### The records:
◇ ◇ ◇ ◇ ◇ ◇ ◇

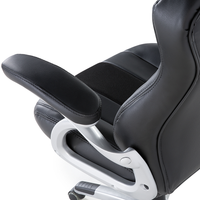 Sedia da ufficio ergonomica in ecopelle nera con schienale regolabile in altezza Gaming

◇ ◇ ◇ ◇ ◇ ◇ ◇

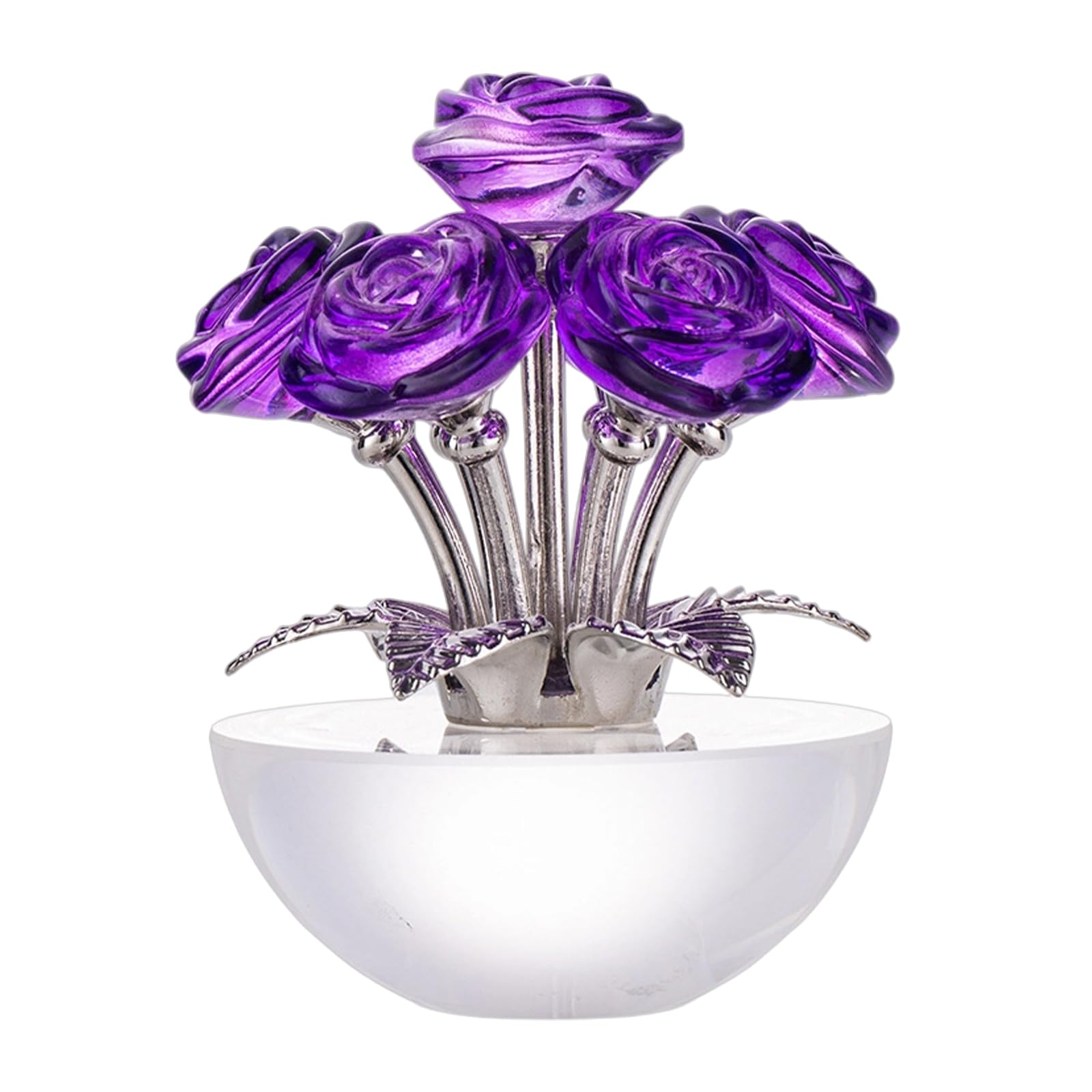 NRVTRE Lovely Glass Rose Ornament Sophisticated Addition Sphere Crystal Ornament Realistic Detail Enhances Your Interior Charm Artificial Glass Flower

◇ ◇ ◇ ◇ ◇ ◇ ◇

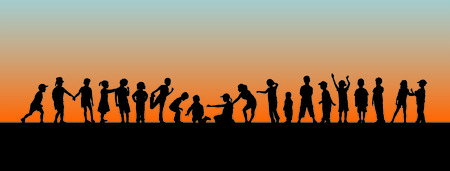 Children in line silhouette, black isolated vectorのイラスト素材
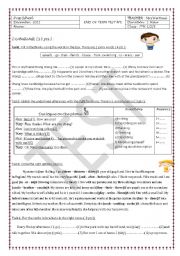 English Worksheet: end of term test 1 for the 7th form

◇ ◇ ◇ ◇ ◇ ◇ ◇

### Problem statement:
Start with the line above containing "Children in line" and end with the line containing "English Worksheet: end". Set down that stretch exactly, without any pictures.

### Solution for this exercise:
 Children in line silhouette, black isolated vectorのイラスト素材
 English Worksheet: end of term test 1 for the 7th form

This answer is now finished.